DATA UNDER STUDY START
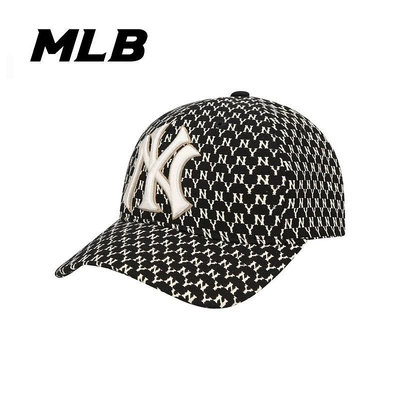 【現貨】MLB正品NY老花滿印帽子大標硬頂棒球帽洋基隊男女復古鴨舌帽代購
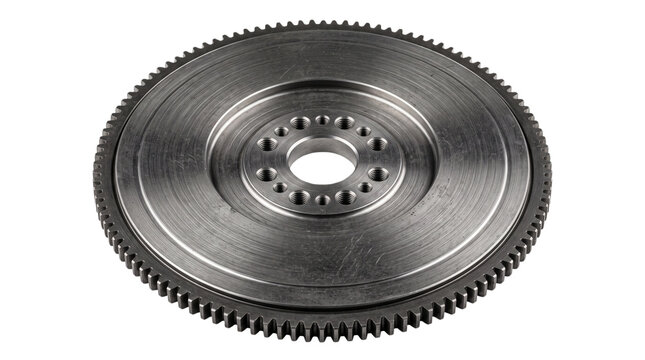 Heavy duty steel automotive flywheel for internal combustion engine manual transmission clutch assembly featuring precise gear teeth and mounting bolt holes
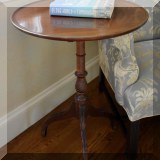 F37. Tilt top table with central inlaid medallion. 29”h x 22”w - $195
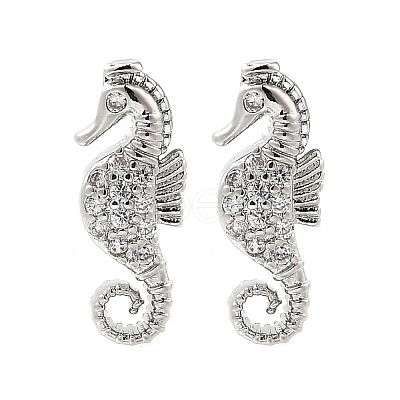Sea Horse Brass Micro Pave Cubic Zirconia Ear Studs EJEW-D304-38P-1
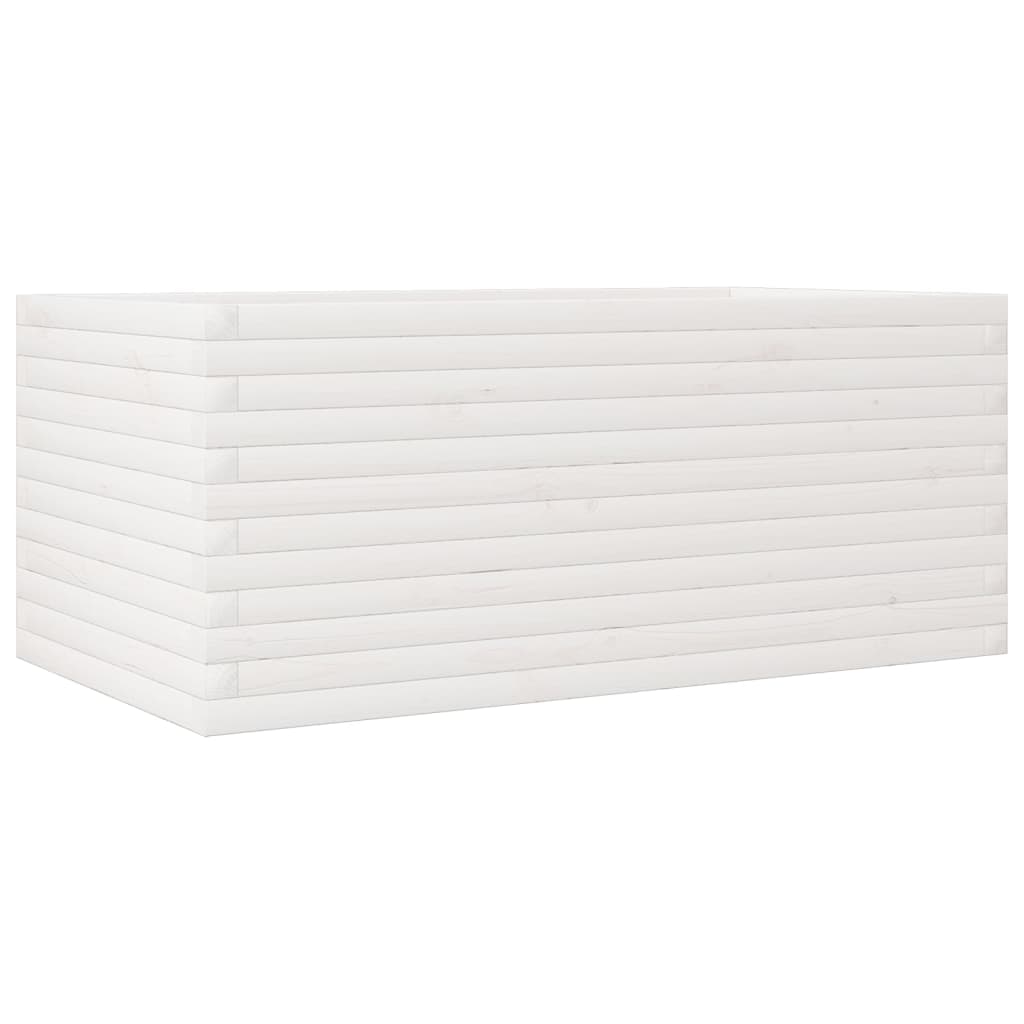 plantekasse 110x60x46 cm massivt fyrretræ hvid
DATA UNDER STUDY END
- TO DO -
From the first line to the last, retype the data above exactly, but not its images.

- TASK SOLUTION -
 【現貨】MLB正品NY老花滿印帽子大標硬頂棒球帽洋基隊男女復古鴨舌帽代購
 Heavy duty steel automotive flywheel for internal combustion engine manual transmission clutch assembly featuring precise gear teeth and mounting bolt holes
 F37. Tilt top table with central inlaid medallion. 29”h x 22”w - $195
Sea Horse Brass Micro Pave Cubic Zirconia Ear Studs EJEW-D304-38P-1
 plantekasse 110x60x46 cm massivt fyrretræ hvid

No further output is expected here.